Make an exact transcription of the data below.

============================================================

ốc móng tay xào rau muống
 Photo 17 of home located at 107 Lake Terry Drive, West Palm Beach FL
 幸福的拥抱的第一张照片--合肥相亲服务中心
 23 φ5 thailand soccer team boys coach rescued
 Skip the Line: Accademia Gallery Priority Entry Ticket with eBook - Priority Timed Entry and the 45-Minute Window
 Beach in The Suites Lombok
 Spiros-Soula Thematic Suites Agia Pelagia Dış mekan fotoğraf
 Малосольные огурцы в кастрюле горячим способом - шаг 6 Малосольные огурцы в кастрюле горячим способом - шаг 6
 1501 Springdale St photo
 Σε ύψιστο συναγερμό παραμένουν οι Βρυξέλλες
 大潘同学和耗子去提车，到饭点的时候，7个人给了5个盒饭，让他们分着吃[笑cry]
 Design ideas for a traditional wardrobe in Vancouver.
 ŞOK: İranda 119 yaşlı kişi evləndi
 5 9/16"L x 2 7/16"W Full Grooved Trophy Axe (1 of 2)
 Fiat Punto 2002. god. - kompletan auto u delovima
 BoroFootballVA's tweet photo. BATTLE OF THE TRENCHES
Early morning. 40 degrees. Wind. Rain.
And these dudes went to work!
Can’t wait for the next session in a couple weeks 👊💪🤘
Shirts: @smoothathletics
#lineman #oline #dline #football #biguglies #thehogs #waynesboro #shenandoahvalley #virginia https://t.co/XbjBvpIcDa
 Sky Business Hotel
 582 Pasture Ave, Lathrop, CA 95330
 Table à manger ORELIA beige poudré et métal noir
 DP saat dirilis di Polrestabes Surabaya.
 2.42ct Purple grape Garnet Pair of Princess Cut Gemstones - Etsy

============================================================

Response box
ốc móng tay xào rau muống
 Photo 17 of home located at 107 Lake Terry Drive, West Palm Beach FL
 幸福的拥抱的第一张照片--合肥相亲服务中心
 23 φ5 thailand soccer team boys coach rescued
 Skip the Line: Accademia Gallery Priority Entry Ticket with eBook - Priority Timed Entry and the 45-Minute Window
 Beach in The Suites Lombok
 Spiros-Soula Thematic Suites Agia Pelagia Dış mekan fotoğraf
 Малосольные огурцы в кастрюле горячим способом - шаг 6 Малосольные огурцы в кастрюле горячим способом - шаг 6
 1501 Springdale St photo
 Σε ύψιστο συναγερμό παραμένουν οι Βρυξέλλες
 大潘同学和耗子去提车，到饭点的时候，7个人给了5个盒饭，让他们分着吃[笑cry]
 Design ideas for a traditional wardrobe in Vancouver.
 ŞOK: İranda 119 yaşlı kişi evləndi
 5 9/16"L x 2 7/16"W Full Grooved Trophy Axe (1 of 2)
 Fiat Punto 2002. god. - kompletan auto u delovima
 BoroFootballVA's tweet photo. BATTLE OF THE TRENCHES
Early morning. 40 degrees. Wind. Rain.
And these dudes went to work!
Can’t wait for the next session in a couple weeks 👊💪🤘
Shirts: @smoothathletics
#lineman #oline #dline #football #biguglies #thehogs #waynesboro #shenandoahvalley #virginia https://t.co/XbjBvpIcDa
 Sky Business Hotel
 582 Pasture Ave, Lathrop, CA 95330
 Table à manger ORELIA beige poudré et métal noir
 DP saat dirilis di Polrestabes Surabaya.
 2.42ct Purple grape Garnet Pair of Princess Cut Gemstones - Etsy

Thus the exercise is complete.